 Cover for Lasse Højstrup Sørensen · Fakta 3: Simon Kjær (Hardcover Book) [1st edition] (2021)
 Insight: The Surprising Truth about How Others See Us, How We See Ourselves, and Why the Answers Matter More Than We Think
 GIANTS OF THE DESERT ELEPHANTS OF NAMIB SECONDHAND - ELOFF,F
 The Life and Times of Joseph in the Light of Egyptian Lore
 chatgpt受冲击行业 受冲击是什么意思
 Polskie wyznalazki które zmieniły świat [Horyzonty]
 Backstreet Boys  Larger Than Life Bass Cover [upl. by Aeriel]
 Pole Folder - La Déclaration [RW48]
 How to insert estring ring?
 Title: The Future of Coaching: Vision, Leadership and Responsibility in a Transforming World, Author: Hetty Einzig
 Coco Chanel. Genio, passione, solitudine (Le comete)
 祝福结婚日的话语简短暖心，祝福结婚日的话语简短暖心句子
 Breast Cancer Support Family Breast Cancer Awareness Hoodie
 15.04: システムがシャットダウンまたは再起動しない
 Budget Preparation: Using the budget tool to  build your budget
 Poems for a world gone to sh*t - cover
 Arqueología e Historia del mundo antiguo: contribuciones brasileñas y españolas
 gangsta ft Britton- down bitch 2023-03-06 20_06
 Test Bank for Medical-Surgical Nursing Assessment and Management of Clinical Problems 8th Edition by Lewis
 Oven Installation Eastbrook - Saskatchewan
━━━
Give back the entire listing with every word intact.

 Cover for Lasse Højstrup Sørensen · Fakta 3: Simon Kjær (Hardcover Book) [1st edition] (2021)
 Insight: The Surprising Truth about How Others See Us, How We See Ourselves, and Why the Answers Matter More Than We Think
 GIANTS OF THE DESERT ELEPHANTS OF NAMIB SECONDHAND - ELOFF,F
 The Life and Times of Joseph in the Light of Egyptian Lore
 chatgpt受冲击行业 受冲击是什么意思
 Polskie wyznalazki które zmieniły świat [Horyzonty]
 Backstreet Boys  Larger Than Life Bass Cover [upl. by Aeriel]
 Pole Folder - La Déclaration [RW48]
 How to insert estring ring?
 Title: The Future of Coaching: Vision, Leadership and Responsibility in a Transforming World, Author: Hetty Einzig
 Coco Chanel. Genio, passione, solitudine (Le comete)
 祝福结婚日的话语简短暖心，祝福结婚日的话语简短暖心句子
 Breast Cancer Support Family Breast Cancer Awareness Hoodie
 15.04: システムがシャットダウンまたは再起動しない
 Budget Preparation: Using the budget tool to  build your budget
 Poems for a world gone to sh*t - cover
 Arqueología e Historia del mundo antiguo: contribuciones brasileñas y españolas
 gangsta ft Britton- down bitch 2023-03-06 20_06
 Test Bank for Medical-Surgical Nursing Assessment and Management of Clinical Problems 8th Edition by Lewis
 Oven Installation Eastbrook - Saskatchewan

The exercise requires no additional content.